Doctors sue Envision Healthcare, claiming that equally funded private companies should not run ERs in California.

The lawsuit alleges that California law prohibits companies from practicing medicine. Many states have similar laws but have not yet implemented them.


A team of paramedics has sued Envision Healthcare, a major healthcare company, alleging violations of California law prohibiting companies from conducting medical operations when they took over the emergency department at Placentia-Linda Hospital in Placentia, California, in August.

The lawsuit was filed by the American Academy of Emergency Medicine Physician Group, a unit of AAEM, a non-profit medical organization that provides administrative services to medical teams. For-profit Envision Healthcare says it is the largest emergency medical team in the country, working with 540 health care facilities in 45 provinces. Envision is owned by KKR, a private equity power company.

Among them, Envision and TeamHealth, owned by the independent equity firm Blackstone, controls at least one-third of U.S. emergency departments.

The lawsuit, filed in a California district court, does not claim compensation. It is asking the court to suspend Envision from operating in Placentia-Linda and other hospitals in California, where the case claims it operates at least a dozen emergency departments. Before Envision took over the contract to manage the emergency department at Placentia Hospital, the AAEM team had department staff.

California is blocking the practice of the medical business to prevent commercial influences, such as for-profit, polluting medical practice. California law prohibits companies or individuals from having unlicensed contraceptives from developing drugs, assisting with unauthorized medical procedures, hiring doctors, or having medical procedures.

More than a dozen other states have similar laws.

But in recent years, as private firms and other companies have swallowed up a host of national healthcare industries, ordinary lawyers and government medical boards have done little to enforce laws. As a result, AAEM officials said they felt compelled to do something. Because California is often the health care bellwether, the team hopes the suit will bring attention to the issue.

"The problem of corporate integration has really reached the top of the emergency room," said AAEM medical officer Dr Robert McNamara, a professor and chair of emergency medicine at Temple University Medical School. “Through this epidemic, doctors were deprived of their salaries and denied doctors the right procedure, which is their right, when talking about patient safety. We would like this model to be a model for other professionals, where doctors feel that private equity and corporate influences are not in the best interests of patients. ”
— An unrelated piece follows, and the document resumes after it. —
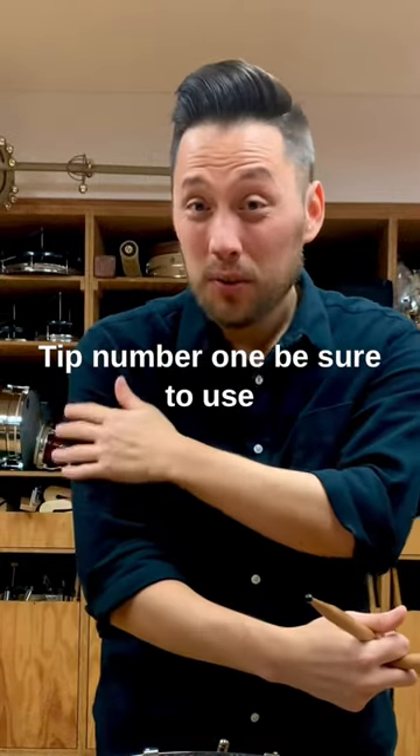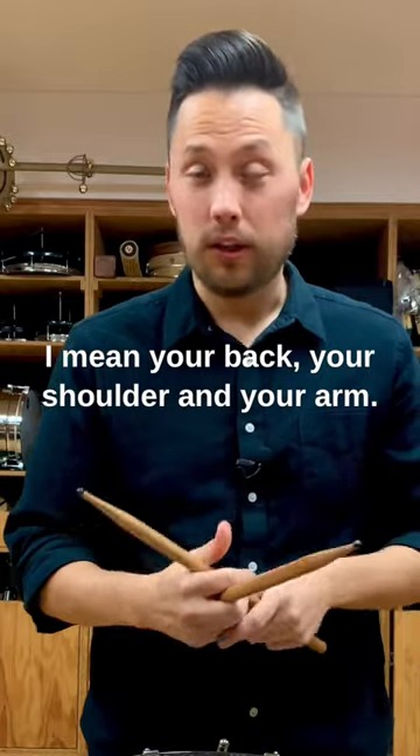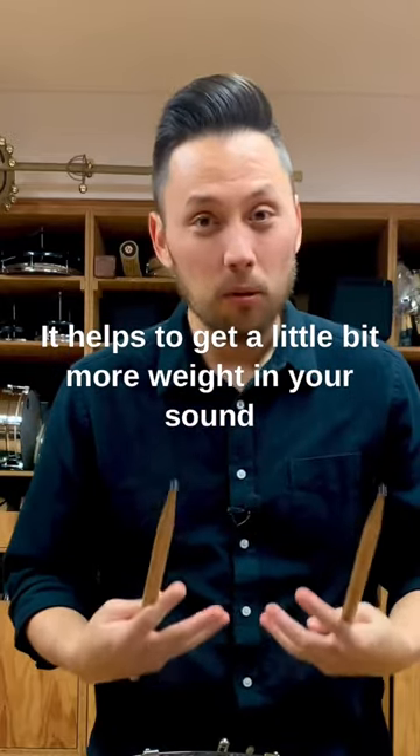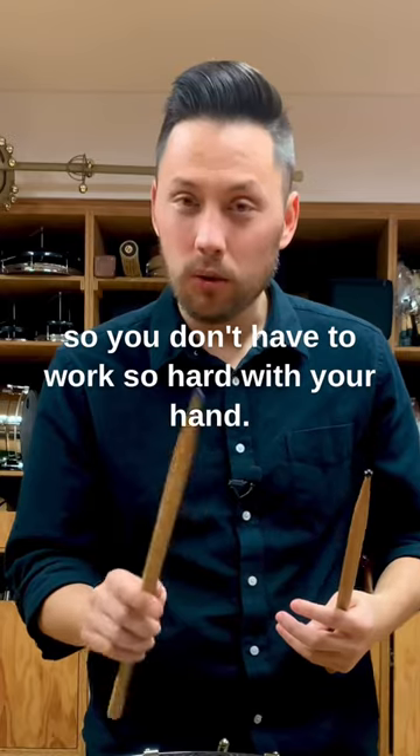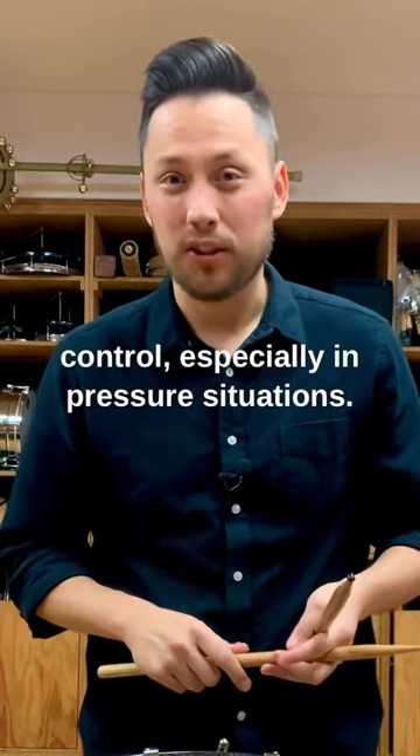Tip number one: be sure to use a lot of bigger muscle groups — your back, your shoulder, and your arm. It helps to get a little bit more weight in your sound, so you don't have to work so hard with your hand, and you get a lot more control, especially in pressure situations.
Private companies are taking over debt-making companies and hoping to sell them at a profit in a few years. The short-term approach encourages private business firms to increase profits for the companies they acquire by reducing costs, such as employee benefits and wages, or raising prices for services and goods.

When Envision took over the emergency services at Placentia Hospital, he did so by finding a medical team, the case was disputed, and he created a separate legal entity to control the medical team. That’s the Envision business model, the suit is suspected, and the organizations are managed and operated by people who are employed or affiliated with Envision.

"The medical director of the medical association is appointed, and the choice is made by Envision," the suit said. "Decisions are not made by medical directors."

Envision, a privately owned company, provides pay to hospitals if there are contracts, the lawsuit alleges, to close “legal medical teams,” such as those affiliated with AAEM.

Envision's control over physicians' practice is “deep and widespread,” says the case. For example, Envision determines how many and which doctors are hired, their compensation and work schedules, and sets other employment policies, staff levels and contact numbers for patients. Recognition governs coding decisions with debt-paying patients and / or insurance providers for such services without telling doctors what has been charged, the case said.

The case also alleges that Envision is establishing internal standards for treating patients, a form of clinical supervision. Envision is placing doctors' performance against standards, "with the intent to" distort and distort "independent judicial decisions, the lawsuit said.

AAEM is not the only emergency medical team hoping to bring consideration to the practice of the practice business. A community-based company called Take Medicine Back, co-founded by McNamara and Drs. Mitchell Louis Judge Li, a paramedic, hopes to "restore the integrity of specialists in the emergency medical profession by our special cleansing of private and corporate equality. Interests that damage our doctor-patient relationship and threaten our longevity in the workplace."

In an interview, Li said: "Practicing under this company model is tantamount to betraying Hippocrates' oath and resulting in moral damage." But, he added, young doctors are facing a challenge, especially the huge student loan debt that they are carrying, an economic burden that could discourage them from talking about problems caused by drug combinations.